An option you may want to consider is a Freedom ticket which for 220 Kr gives unlimited transportation for two days on both all the DFDS Canal Tour boats, as well as the double-decker sightseeing buses of Copenhagen City Sightseeing.
The fastest and most flexible way of seeing Copenhagen is on a bike. Forty percent of locals use their bike everyday and the city has been designed to cater for cyclists with separate bicycle lanes on most larger roads. Cyclists are often allowed to ride both ways in one-way streets. Be careful if you are not used to biking in a busy city as this is a common means of daily transportation and the locals drive fast and without room for much leeway. Don't expect to get a warning when someone wants to overtake you. Always keep to the right and look behind you before you overtake someone — otherwise you could cause some nasty accidents.
As the city bikes can be a bit expensive, renting a bike is a good alternative and many hotels or bike shops rent out bikes. Companies that rent out bikes include Rent a Bike in Copenhagen, Baisikeli or Rent a Bike Copenhagen among many other bike repair shops.
The first, rather basic and inconvenient pioneering city bikes have just - as of early summer 2014 - been replaced by a second and advanced generation of white city bikes, with GPS and supplementary electronic power engine . They cost DKK 25 per hour and are not very numerous yet. Official parking stations for these new city bikes can be found at the Rådhuspladsen/Town Hall Square, by the Forum metro station, by the Frederiksberg Have entrance at Frederiksberg Runddel, etc. etc.
Prices range 11-16 Kr per kilometre depending on the time of day and the meter flag-fall charge is 25 Kr. Generally you can trust taxis with both prices and the route taken. Because of the high flag-fall charge, it can be better financially for taxi drivers to have many trips rather than long trips, so it is therefore often in their own interest to take the shortest route.
Complete listings can be found in the appropriate district articles
Entrance to most museums is free once a week, mainly on Wednesdays. You can always count on the principal attractions to be well signed in English and German and for these places to be generally geared towards tourists. A good tip to see whether a smaller museum caters to non-Danish speakers, is to check whether the website has an English section. If it does, this usually means the museum has at least some English information throughout its exhibitions. Of course if you have some interest in a particular subject, such museums can be interesting even if you don't understand the sign-postings. As Danes are usually fairly fluent in English, you can always try to ask staff if they could give you a brief tour.

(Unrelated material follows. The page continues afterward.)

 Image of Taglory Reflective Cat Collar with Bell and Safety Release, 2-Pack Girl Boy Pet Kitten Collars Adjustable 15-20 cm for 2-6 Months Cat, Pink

If you are into the arts Copenhagen has a lot to offer and the natural starting point is a visit to the Danish National Gallery (Statens Museum for Kunst, free entry, complementary lockers, closed on Mondays) where you can feast your eyes on blockbusters from the likes of Rembrandt, Picasso, and Matisse. There are a number of paintings by Danish artists from the "Golden Age." For more classical art, visit Ny Carlsberg Glyptotek (adult 75 kr, 20 kr or €2 deposit for lockers). In addition to works by masters like Picasso, Leger, and Matisse, this spectacular building houses a large collection of classical statues and sculptures. The winter garden here is a beautiful place to rest your legs on a rainy day. Both of these museums are conveniently located in the centre, or Indre By area. Thorvaldsens Museum is dedicated to the 19th-century sculptor and the art of his days. He is buried in the courtyard. It has some interesting, colourful and unique interiors, dating from around 1844, by the architect M.G. Bindesbøll and his team. Don´t forget the lovely collection of paintings and the archaeological items and his preserved library upstairs. The museum is free on Wednesdays. Davids Samling (The David Collection) is an internationally renowned collection of Islamic art, with a bit of Danish treasures too. The entrance is free.
If you are hungry for even more classic art exhibitions, an excursion north of Copenhagen to the beautiful Ordrupgaard offers you a chance to enjoy Monet, Renoir, Degas, and Gauguin. There are several other options for classical paintings but if you are ready for a change, head south to the Arken Museum of Modern Art for a world class exhibition of contemporary art, mostly Scandinavian, as well as hugely popular temporary exhibitions. However the arguably best and most visited museum in Denmark is the Louisiana Museum of Modern Art located in northern Zealand with a panoramic view across the Øresund. The museum frames the sculpture park facing the sea and the interaction between art, nature and the museum architecture is quite unique. Louisiana is an international museum with a considerable collection of modern art, and hugely popular temporary exhibitions.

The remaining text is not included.